Janu wanted to look back, but pushed ahead. The dragon’s downy hide tickled his cheeks.

When he reached the scrub, Galnai had already forged ahead. He paused for a quick breather and looked back at the rockfall, frowning. The noble had his staff raised high, and fragments of sharp words whipped back on Janu on the gusting wind.

Gods below, the rocks were floating.

Each one peeled off from the top of the rockfall and floated down into the waiting hands of the soldiers, who passed them along the chain to be piled to one side. Another flash of lightning lit the sky, glittering all along the shaft of the noble’s staff. Except he was no mere noble. Ilarion hadn’t mentioned a blasted sorcerer would be here.

Janu rushed up the goat path, the branches and gravel Fraidun had laid crunching slightly with each footfall. Galnai was still waiting for him at the last patch of scrub, distracted by the sight of the floating rocks. The sorcerer’s voice had risen in volume, amplified somehow by the magic he worked, and echoed around them.

‘Go!’ Janu hissed. ‘Move!’

A haze still hung in the air by the carriage, sleeping powder whipping this way and that in little vortices of wind, fanning out over a wider area. Just as Janu was about to move on, the chanting stopped. The sorcerer turned his head, sniffed the air.

Shit. Janu leapt into motion just as he whirled around and shouted for the guards. The gravel skittered beneath his feet and bounced down the side of the ravine. The air tingled around him. Instinctively he ducked, and something skimmed the top of his head at high speed. A rock sailed off in his peripheral.

Swearing, Janu pushed as hard as he could. Galnai had gone. He could hear their horses snorting and whinnying at the top of the cliff, and he willed Fraidun to move them out of the way before one of them caught a flying rock, even if that would leave him with further to run.

Another rock smashed into the ground ahead of him. He slipped in the patch of mud it left but kept running.

He emerged gasping at the top of the cliff a moment later. Galnai grabbed the dragon from him before he could say anything and shoved it into the cage on the back of their cart. The princess was already bound and gagged beside it. Gods, she looked so young. What was she? Ten? Twelve?

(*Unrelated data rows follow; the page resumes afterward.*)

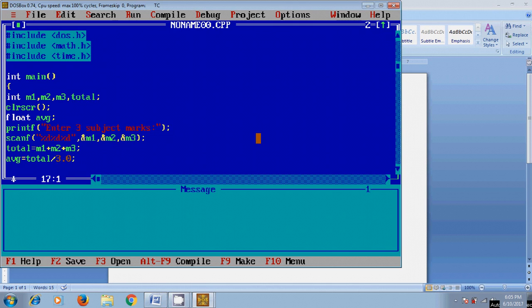first subject mark, so I'm using printf for m1 with %d.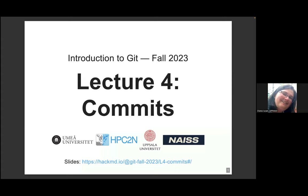Welcome back, everyone. If you don't hear me properly, or you think the font size is too small, please let me know and use the SharePoint doc for the Q&A. Or if you prefer the chat, that's fine as well. I'll try to make breaks so that you can ask some questions live, and otherwise raise your hand and I'll try not to miss it.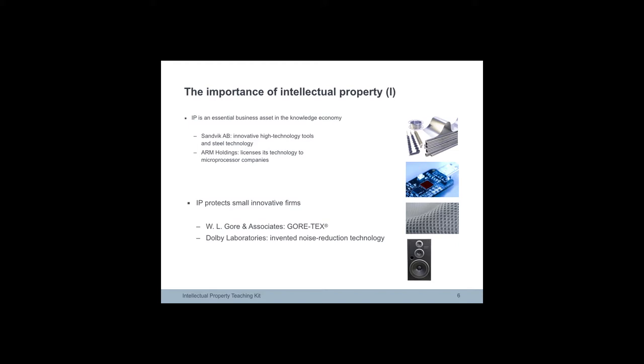Gore & Associates was founded by the Gore family in 1958. They develop high-tech products based on a remarkably versatile new polymer.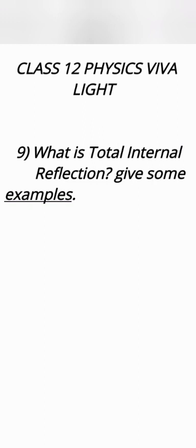What is total internal reflection? When ray of light passes from denser medium toward the rarer medium and if angle of incidence is greater than critical angle then the ray instead of getting refracted into that rarer medium bounce back into same medium. It is called total internal reflection.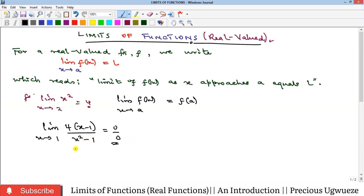What limit is really about is: as we substitute numbers close to 1 into the function, whatever value we get is the limit. That is, as x approaches 1, where is this function going? What is the maximum value it tends to reach as x approaches 1?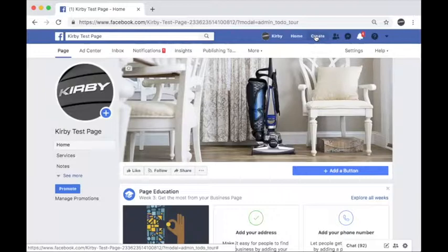Hey everyone! Recruiting in today's world makes it necessary for your business to have a digital presence. Today I'm going to show you how to set up a recruitment ad.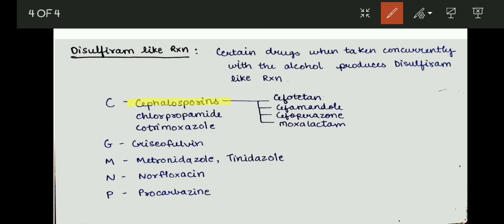Also from C: chlorpropamide and cotrimoxazole. From G: griseofulvin. From M: metronidazole and tinidazole. From N: norfloxacin. And from P: procarbazine. By remembering the CGMNP mnemonic, you can remember all the drugs that cause disulfiram-like reaction.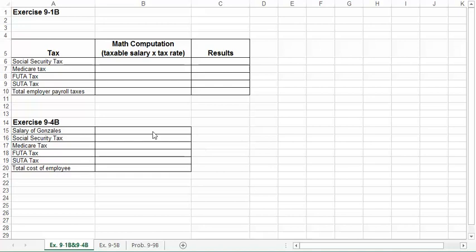On 9-1B, since we are calculating taxes for more than one employee, the $7,000 maximum on FUTA and SUTA does not apply. So you will calculate it based on the $12,310.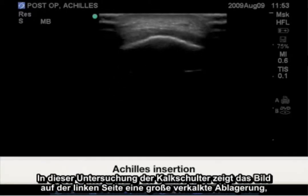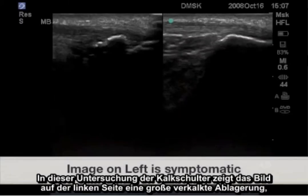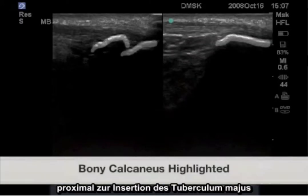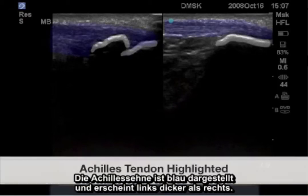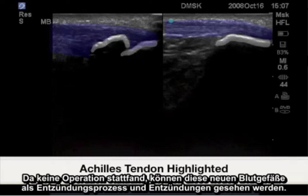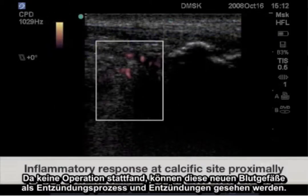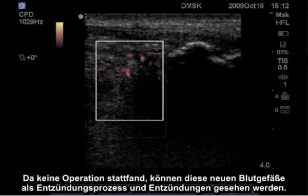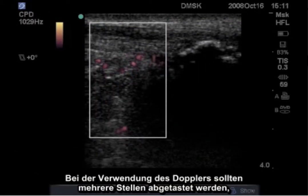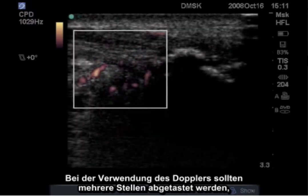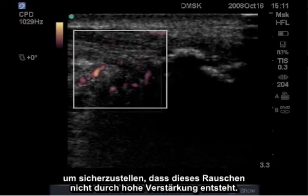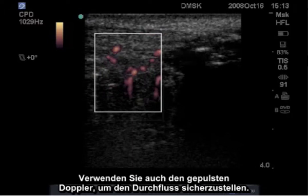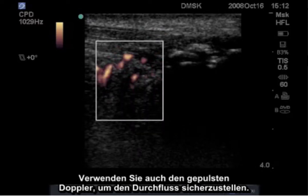In this calcific tendonitis study, the image on the left shows a large calculus deposit proximal to the insertion of the Achilles tendon, highlighted in blue, with the Achilles tendon noted thicker on the left image than the right. As we have had no surgery, these neovessels can be considered part of an inflammatory process. When utilizing Doppler, multiple sites should be sampled to ensure that this is not noise due to high gain. Also use pulse wave Doppler to ensure that this is truly flow.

Galnai sat in the cart and began binding the dragon’s snout. To shouts below them, Janu ran up to the front of the cart and jumped on, shouting at the horse to go. It bounded forwards, the cart jerking behind it. Fraidun galloped alongside with the reins to Galnai’s horse in his hands. He kept glancing back at the cart, at the princess bound within it, a look of disgust plastered across his face.

They had done it. They had kidnapped the princess. Now they just had to survive.